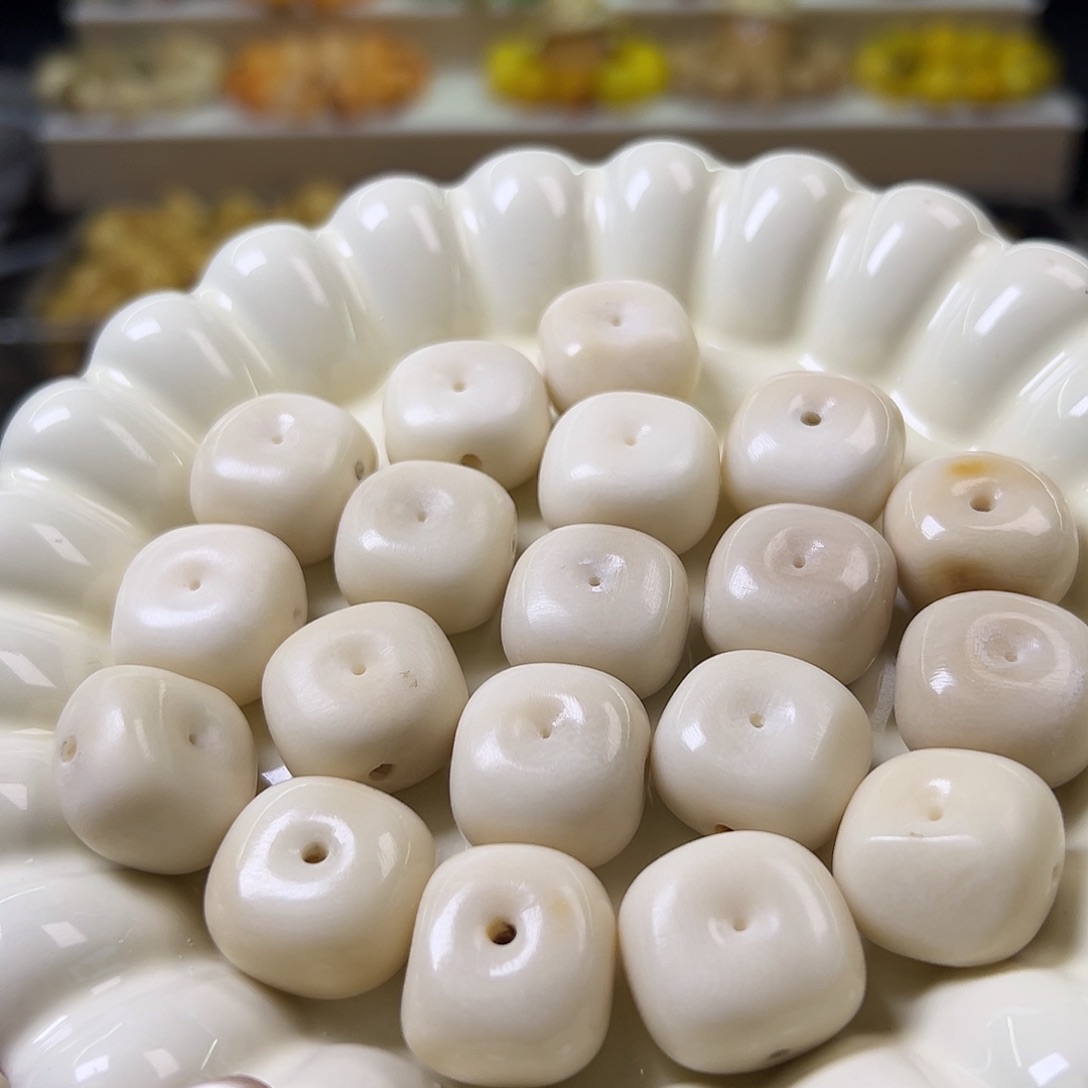 菩提根/象牙果手串瑕疵白藏咯10颗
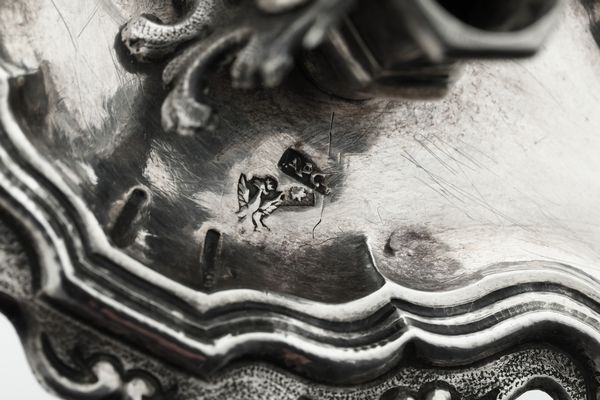 Palmatoria. Palermo, met� del XVIII secolo. Marchio del console Antonino Pensallorto  - Asta Argenti da collezione | XX secolo - Associazione Nazionale - Case d'Asta italiane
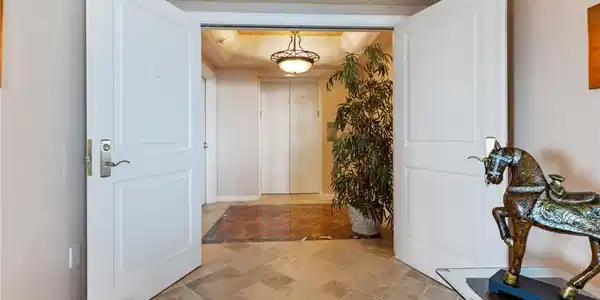 Image 3: Foyer / Entry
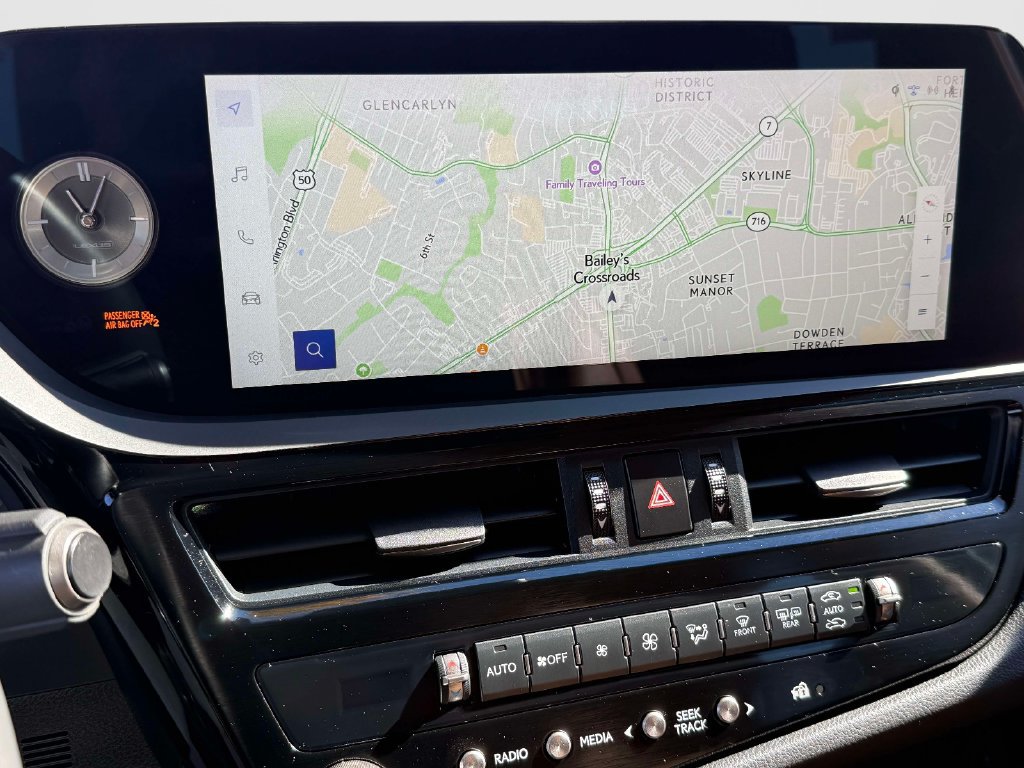 Used 2025 Lexus ES 350 w/ Premium Package FWD image 19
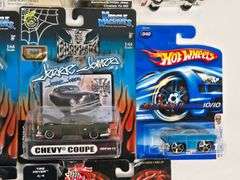 (10) 1/64 Scale Die-Cast Cars In Packages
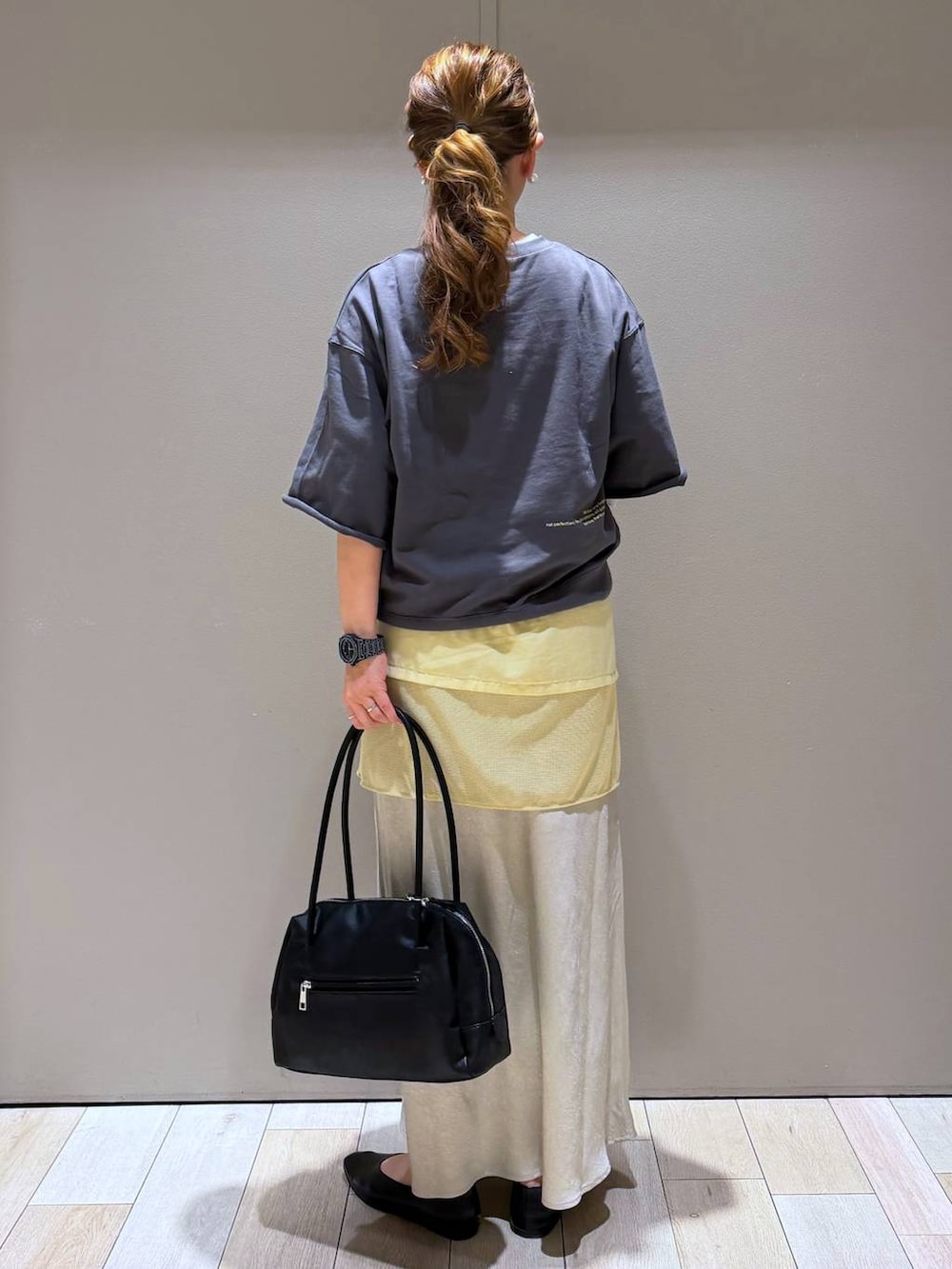 ブラック系のパンプス、ホワイト系のTシャツ/カットソー、グレー系のTシャツ/カットソーを着用したレディースの春コーディネートの3枚目の写真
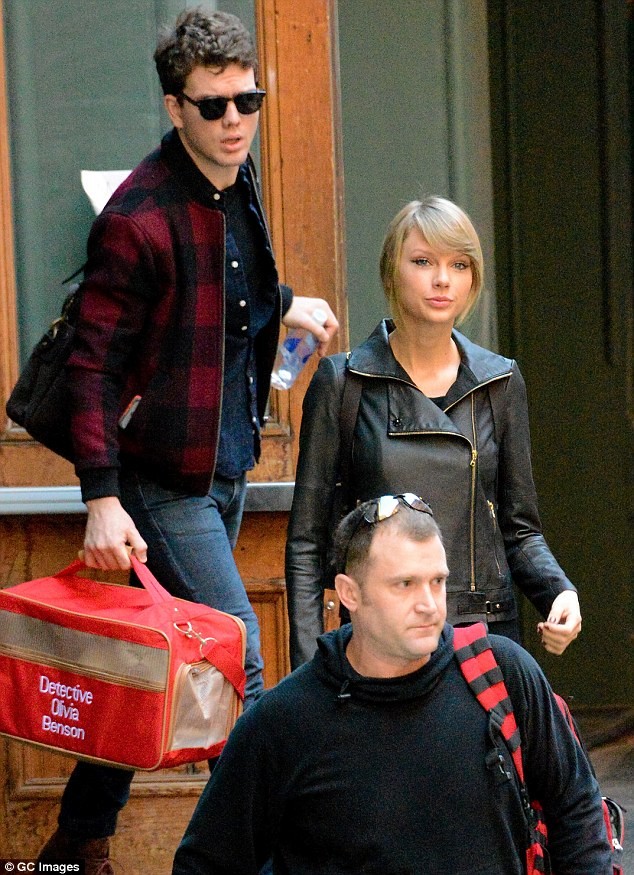 Ed Sheeran 'mai mối' Orlando Bloom và Taylor Swift? - ảnh 4
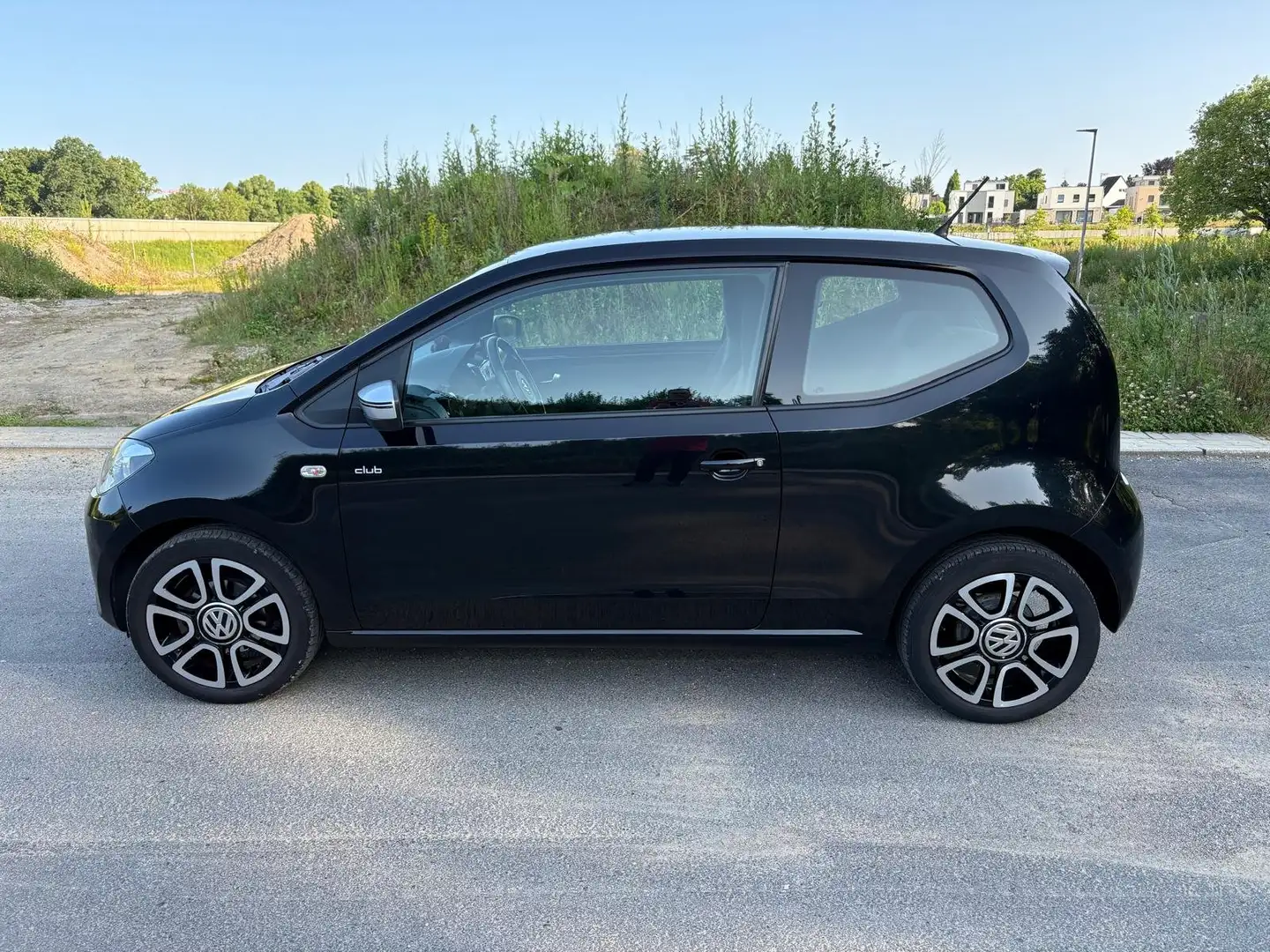 Volkswagen up! club Schwarz - 1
□ □ □ □ □
▶ **Description of the task**
Your task is to retype the records above in full and exactly, omitting the pictures.

▶ **Answer for this exercise**
 菩提根/象牙果手串瑕疵白藏咯10颗
 Palmatoria. Palermo, met� del XVIII secolo. Marchio del console Antonino Pensallorto  - Asta Argenti da collezione | XX secolo - Associazione Nazionale - Case d'Asta italiane
 Image 3: Foyer / Entry
 Used 2025 Lexus ES 350 w/ Premium Package FWD image 19
 (10) 1/64 Scale Die-Cast Cars In Packages
 ブラック系のパンプス、ホワイト系のTシャツ/カットソー、グレー系のTシャツ/カットソーを着用したレディースの春コーディネートの3枚目の写真
 Ed Sheeran 'mai mối' Orlando Bloom và Taylor Swift? - ảnh 4
 Volkswagen up! club Schwarz - 1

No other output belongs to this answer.